Maaike Polspoel, the Soudal-Quick-Step performance nutritionist and sports dietitian, provides Rouleur with insights into the team's fueling strategy.
Getting ahead of the game
Three weeks is a long time, and having to ride over 3,000km during those three weeks requires a lot of energy – energy that only the world’s top cyclists understand. Ensuring that on a day-to-day basis riders have enough fuel to sustain such energy isn’t just a quick bowl of pasta before making their way to the start line, strategic planning goes into each day by the team’s nutritionists, and Polspoel says getting ahead of the game is key to success.
“Our fuelling strategy for both time trials and longer stages actually starts a few days in advance. We always look at previous stages to check how well fuelled the riders are and if they’re recovering well. If they recover well, when they come to the time trial, they’ll know that they are ready to put the power down,” Maaike says.

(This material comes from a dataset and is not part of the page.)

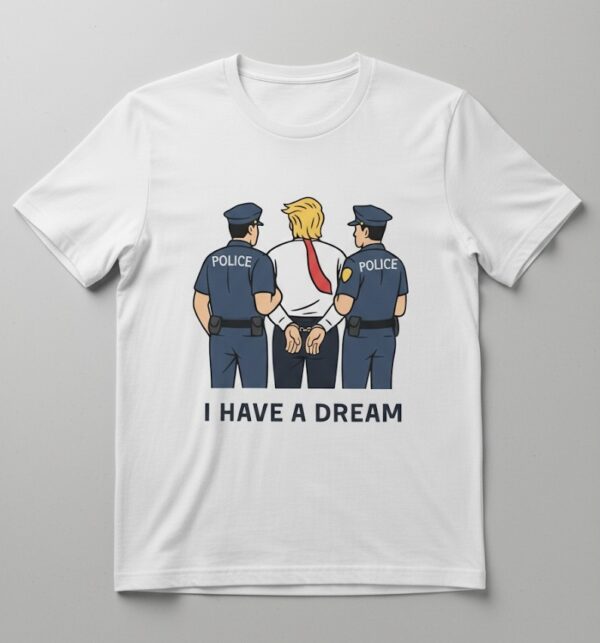 Stylish I Have A Dream Trump Police Shirt designed for all-day comfort.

Evenepoel wearing the red leaders jersey before the time trial at the Vuelta in 2022
“The evening before a time trial in a stage race, our riders will eat everything we need them to. This will normally be pasta with some protein, with the pasta being the carbohydrates that they’ll need for energy the next day. We try to make really nice dinners for the riders because if you are in a long stage race, by the end of it, you're really tired of eating the same stuff.
“We actually have a special catering service called Cotton Kitchen, and they make sure that the food looks really appealing for the riders and therefore nicer for them to eat. We also make the calculations of what energy they’ll need for the next day by looking at what the riders did the day before.”
Breakfast of champions
Most people have been taught that breakfast is one of the most important meals of the day, but it is especially important when you are facing a gruelling day in the saddle. With most stages starting around midday and a time trial being a super hard effort in a short amount of time, nobody wants to see what you just ate mid-way through your TT, so how does the rider’s first meal of the day alter when they’re facing this kind of intense effort?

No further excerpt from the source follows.